Expected Output (Example):

Using device: cuda

CPU Matrix Multiplication Time: 2.3456 seconds
GPU Matrix Multiplication Time: 0.1234 seconds
Maximum difference between CPU and GPU results: 0.0000

Explanation:

Smaller Tensors: Demonstrates that even with smaller tensors, GPUs can offer significant speedups.
Consistency: Ensures that GPU computations are accurate by comparing results with CPU computations.

5. Moving Models to GPU

Just like tensors, neural network models need to be moved to the GPU to leverage acceleration during training and inference.

5.1. Transferring a Simple Neural Network

Example 6: Moving a Neural Network to GPU

import torch
import torch.nn as nn

# Define device
device = torch.device("cuda" if torch.cuda.is_available() else "cpu")
print("Using device:", device)

# Define a simple neural network
class SimpleNet(nn.Module):
    def __init__(self):
        super(SimpleNet, self).__init__()
        self.fc1 = nn.Linear(10, 50)
        self.relu = nn.ReLU()
        self.fc2 = nn.Linear(50, 1)
    
    def forward(self, x):
        out = self.fc1(x)
        out = self.relu(out)
        out = self.fc2(out)
        return out

# Instantiate the model
model = SimpleNet()
print("\nModel on CPU:", next(model.parameters()).device)

# Move the model to GPU
if device.type == 'cuda':
    model = model.to(device)
    print("Model moved to GPU:", next(model.parameters()).device)
else:
    print("Model remains on CPU.")

Expected Output (Example):

Using device: cuda

Model on CPU: cpu
Model moved to GPU: cuda:0

Explanation:

Model Definition: A simple feedforward neural network with two linear layers and a ReLU activation.
Moving to GPU: .to(device) transfers all model parameters to the specified device.
Verification: Checks the device of the model's first parameter to confirm the transfer.

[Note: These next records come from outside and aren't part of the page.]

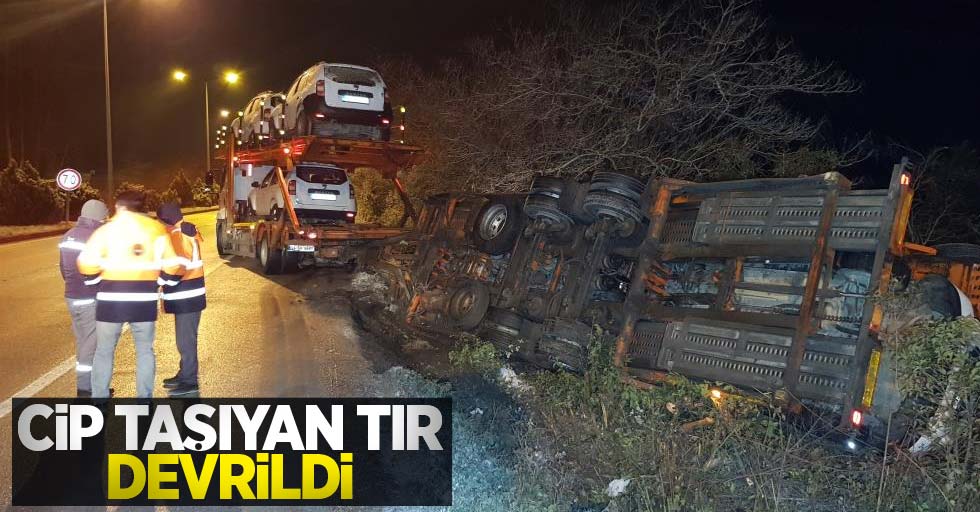 Samsun'da cip taşıyan tır devrildi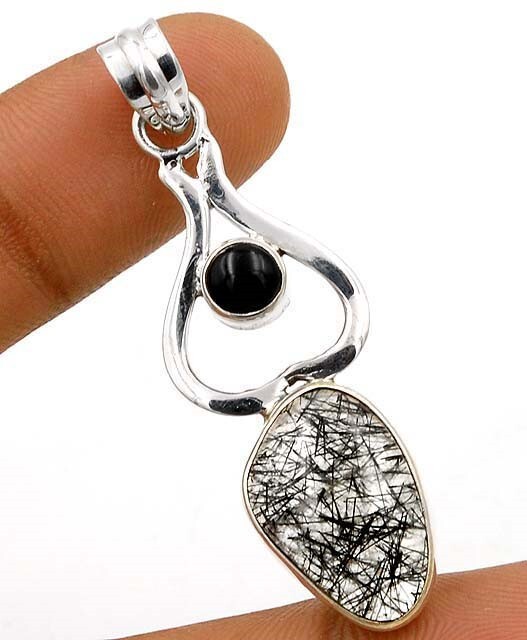Natural Black Rutilated Quartz Onyx Pendant in 925 Sterling Silver B19-1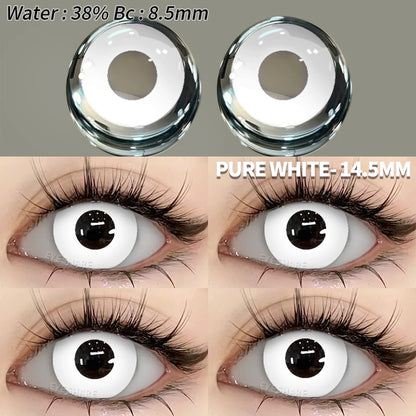 EYESHARE 1Pair Colored Contact Lenses for Eyes White Lenses Cosplay Contact Lenses Crazy Lenses Halloween Eyes Lens Black Lenses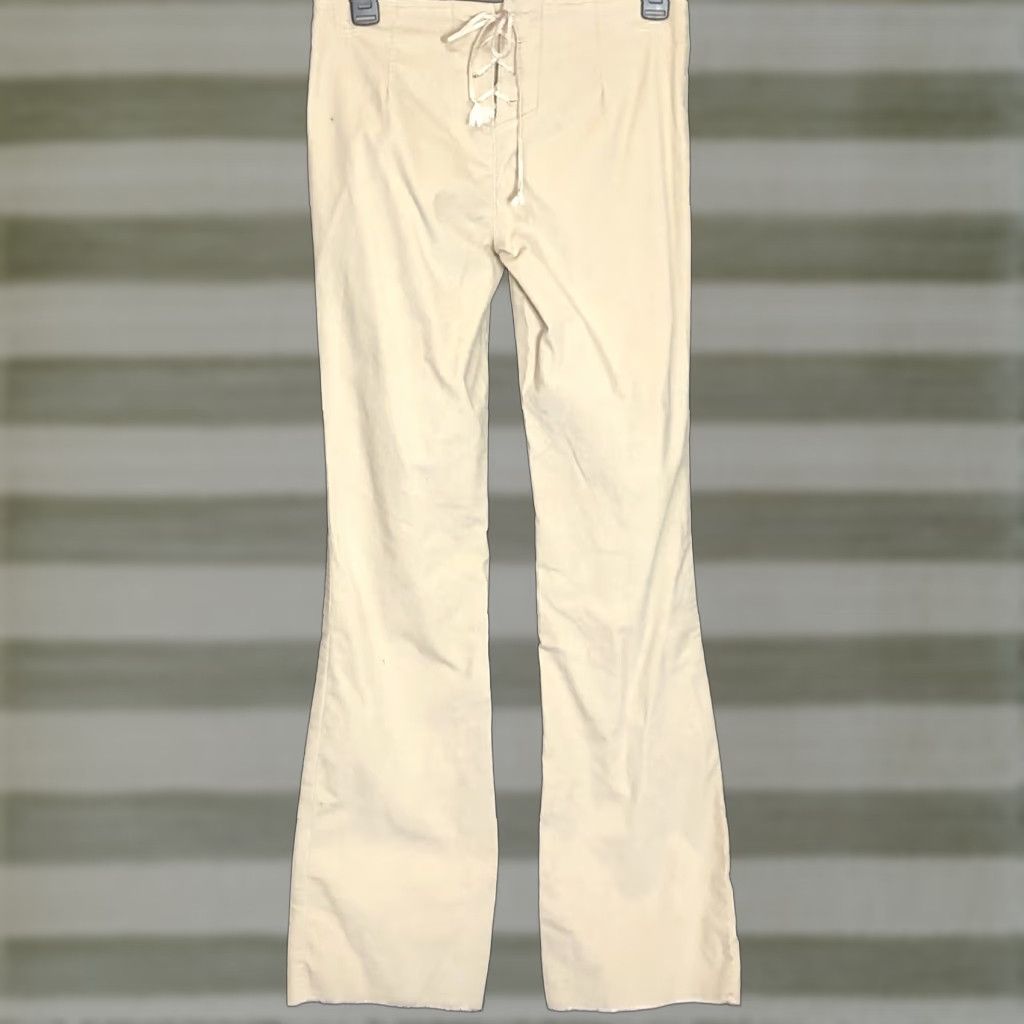 Tommy Hilfiger Tommy Hilfiger Corduroy Pants 3 Tan 28"W Flare Boot Cut Cuff Lace Up Mid Rise Women Jeans Size 26" / US 2 / IT 38 - 1 Thumbnail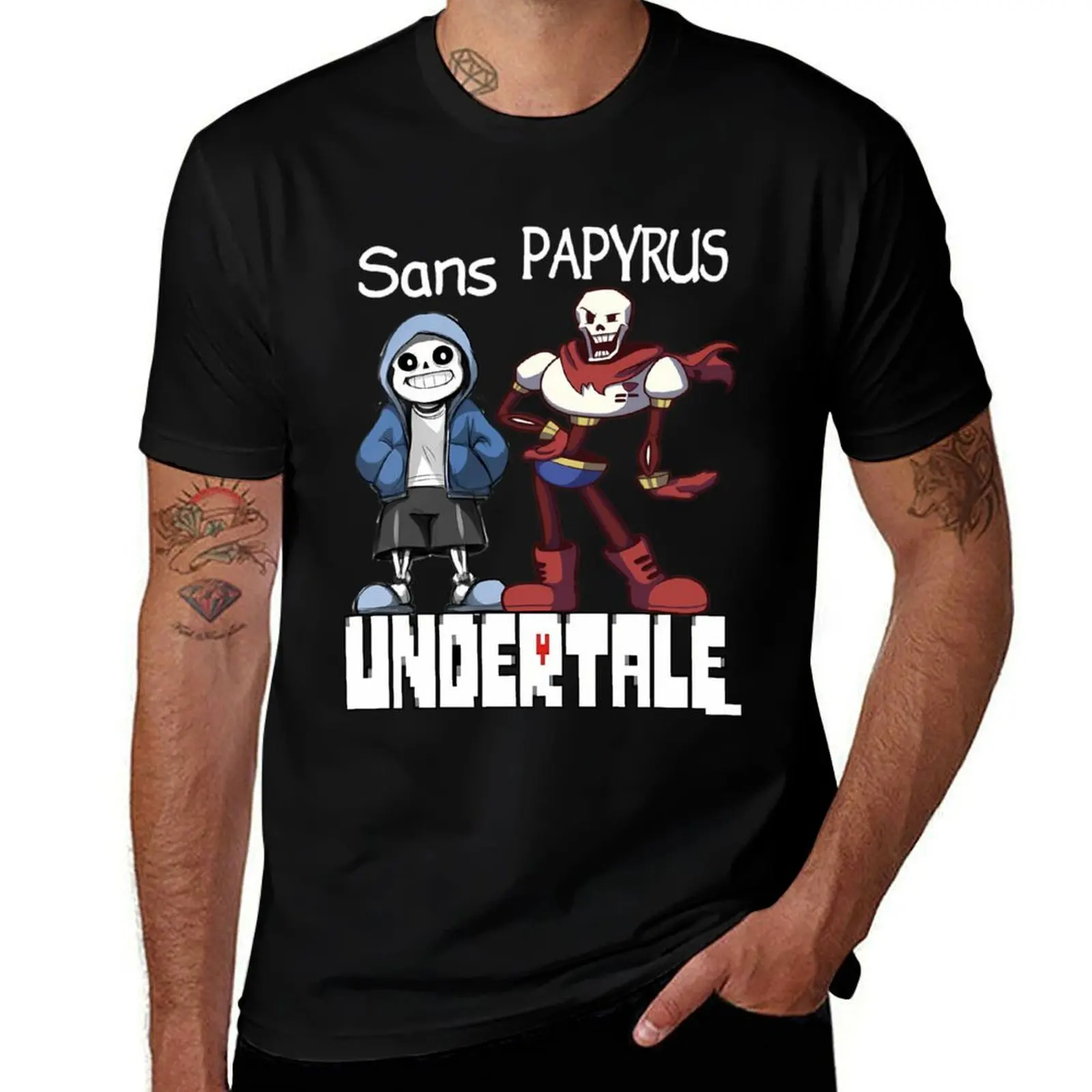 

Sans and Papyrus \t T-Shirt man t shirts cotton t shirt man cotton man t shirt luxury T-Shirt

5.2. Training a Model on GPU

Example 7: Training a Simple Model on GPU

import torch
import torch.nn as nn
import torch.optim as optim

# Define device
device = torch.device("cuda" if torch.cuda.is_available() else "cpu")
print("Using device:", device)

# Define a simple model
class SimpleNet(nn.Module):
    def __init__(self):
        super(SimpleNet, self).__init__()
        self.fc1 = nn.Linear(100, 50)
        self.relu = nn.ReLU()
        self.fc2 = nn.Linear(50, 10)
    
    def forward(self, x):
        out = self.fc1(x)
        out = self.relu(out)
        out = self.fc2(out)
        return out

# Instantiate the model and move to device
model = SimpleNet().to(device)

# Define loss and optimizer
criterion = nn.CrossEntropyLoss()
optimizer = optim.Adam(model.parameters(), lr=0.001)

# Dummy data
batch_size = 64
inputs = torch.randn(batch_size, 100).to(device)
labels = torch.randint(0, 10, (batch_size,)).to(device)

# Training loop
for epoch in range(5):
    # Forward pass
    outputs = model(inputs)
    loss = criterion(outputs, labels)
    
    # Backward and optimize
    optimizer.zero_grad()
    loss.backward()
    optimizer.step()
    
    print(f"Epoch [{epoch+1}/5], Loss: {loss.item():.4f}")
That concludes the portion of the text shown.